僕は『INACファミリー』という言葉をよく使っていました。INACに関わるみんなで優勝しようと1年間取り組んだ結果、4冠という最高の結果を得ました。そのように、2020年の東京五輪は女子サッカーに関わるみんなで戦えたらと夢見ています。
全国の指導者や女子サッカー部員も、みんなが『なでしこジャパンは家族なんだ』と思えるような空気感を作りたい。そうすれば東京五輪は絶対に盛り上がる。みんなが親戚の試合を見にいくように、女子サッカーの試合を見に行ってほしい。

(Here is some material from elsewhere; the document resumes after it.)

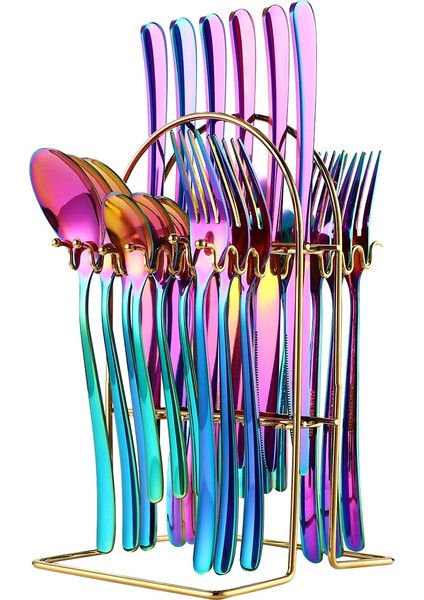 Iskandinav Çatal Bıçak Takımı 24 Adet Raf Seti Paslanmaz Çelik Çatal Bıçak Kaşık Seti Raf ile Bıçak Çatal Kaşık Çay Kaşığı Cutleries Renkli (Yurt Dışından)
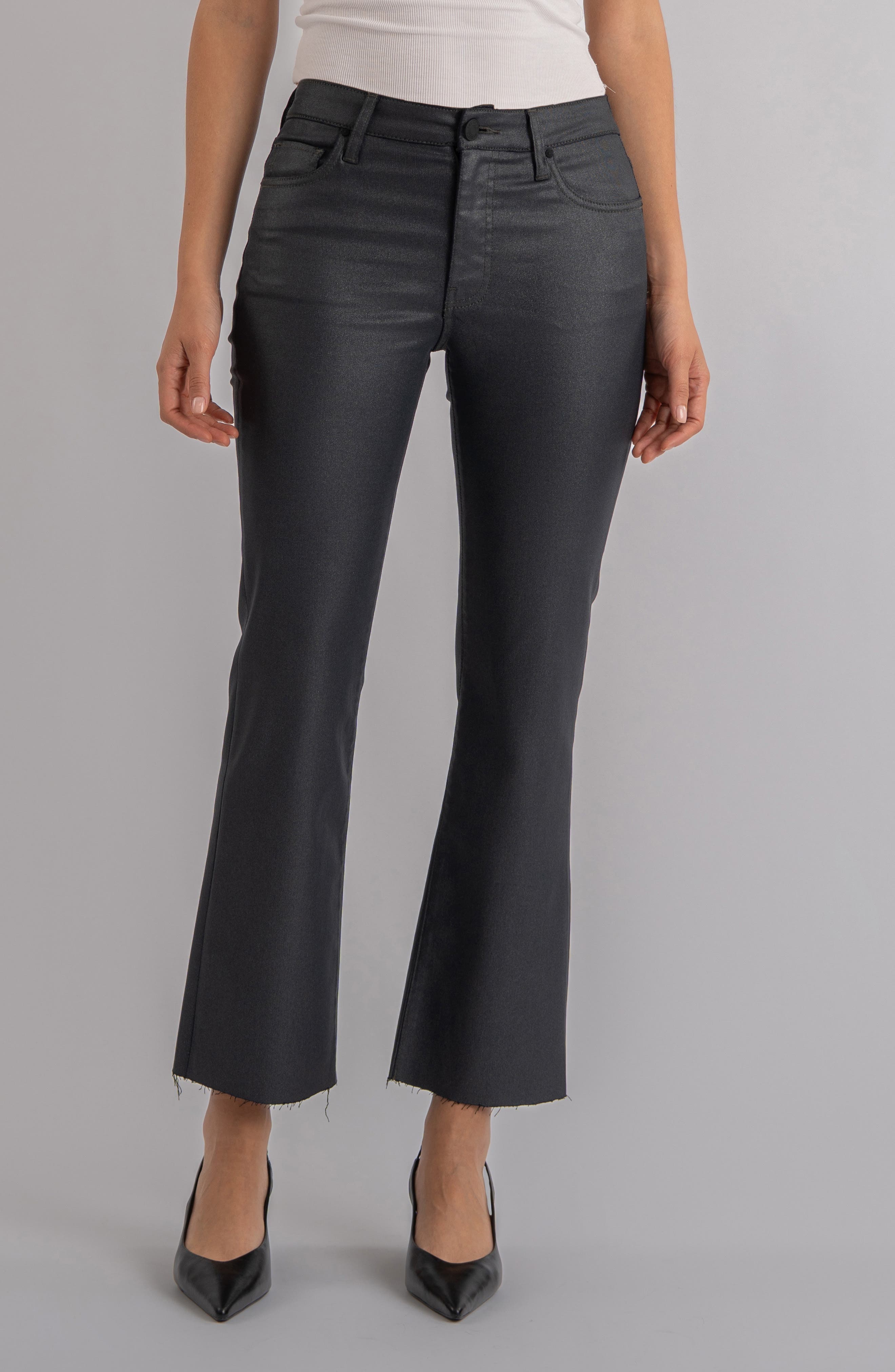 KUT from the Kloth Kelsey High Rise jeans in Silver Bell dark gray color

僕自身がアメリカで指導して終わりじゃなくて、日本に戻る時には、世界トップクラスの選手が集まってプレーできる環境作りから着手したいと考えています。そのためなら、数え切れないほどの苦労をたくさんしていく覚悟です」
【了】
プロフィール
石原 孝尚(イシハラ タカヨシ)
1977年4月8日、愛知県生まれ。日本サッカー協会公認 A級ライセンス取得。2000年に金沢大学を卒業、2003年に筑波大学大学院体育研究科修士課程修了。2003年から前橋育英高校、帝京高校、吉備国際大学(いずれも男子)のコーチを務め、2011年に監督就任。2012年からINACのヘッドコーチ兼U-18監督となり、監督に昇格した2013年は、選手の個性を見極めた上での采配・指導で、史上初の4冠を達成した。2014年1月をもってINACを退団し、アメリカ・カナダ・メキシコ女子代表が所属するスカイブルーのコーチ就任が発表された。